With Ball || Without Ball

(0, 0)- no score (this represents a possession in which neither team scores, and ends in a turnover/punt/end of half/game)

(3, 0)- the team with the ball scores a field goal

(6, 0)- the team with the ball scores a touchdown and misses the extra point/conversion

(7, 0)- the team with the ball scores a touchdown and gets an extra point

(8, 0)- the team with the ball scores a touchdown and gets a two-point conversion

(0, 2)- the team on defense gets a safety

(0, 6)- the team on defense scores a defensive touchdown (return of some sort) and misses the extra point/conversion

(0, 7)- the team on defense scores a defensive touchdown and gets an extra point 

(0, 8)- the team on defense scores a defensive touchdown and gets a two-point conversion

(6, 2)- the team on offense scores a touchdown, and the team on defense returns the conversion for two points

(6, 1)- the team on offense scores a touchdown, and the team on defense scores a defensive safety during the conversion

(2, 6)- the team on defense scores a touchdown, and the team on offense returns the conversion for two points

(1, 6)- the team on defense scores a touchdown, and the team on offense scores a defensive safety during the conversion


The last four options--a touchdown followed by the defensive team scoring, are exceptionally rare. In fact, a defensive safety during a conversion, while possible by the rules, has never happened. Nonetheless, it is possible to envision a scenario in which it could occur: namely, there is a fumble/turnover on the kick or two-point conversion, the defensive player returns it to near the endzone and fumbles. The offensive player attempts to pick up the ball and return it but is tackled for a safety near the endzone. 

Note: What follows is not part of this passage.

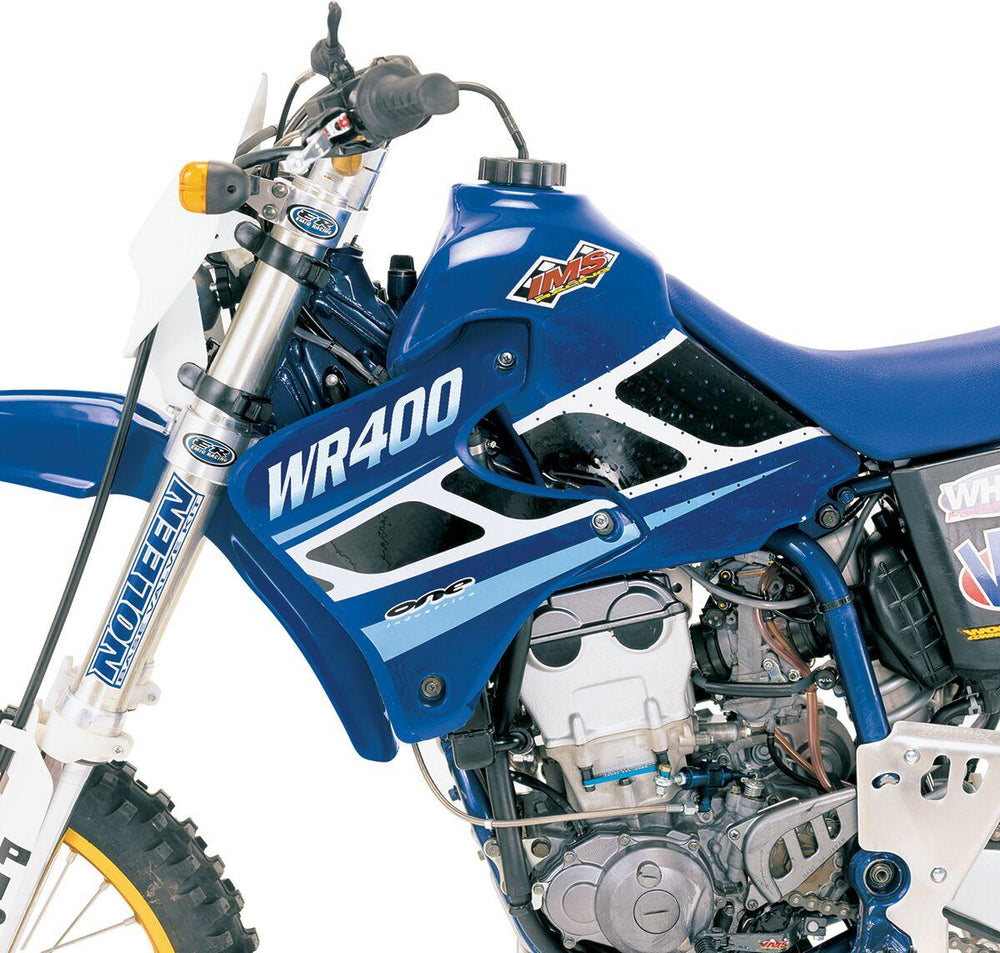IMS Fuel Tank For Yamaha WRF250 2001-2002 15.1 Litre (4 US gal.) - Blue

To actually construct our prior, what we can do is create a model game in which teams take turns of being in possession of the football, and for every possession, one of the above outcomes occurs. We can empirically estimate the probability of any one of those outcomes occurring by looking at data on the course of football games. Although I will not do so here, one could even model the probability of something occurring, given what is happening in the game (score, time left). Now, the empirical probability of a (6, 1) event happening is 0. To assign this a nonzero probability, let's assume that such a play has a 1% chance of occurring in the next 100 years. There are around 20 drives in an average game, and 272 games in a season, so there are around 20*272*100= 544,000 drives in the next 100 years. Since it has a 1% chance of occurring, we'll set our probability to 0.01/544000 $\approx 2*10^{-8}$.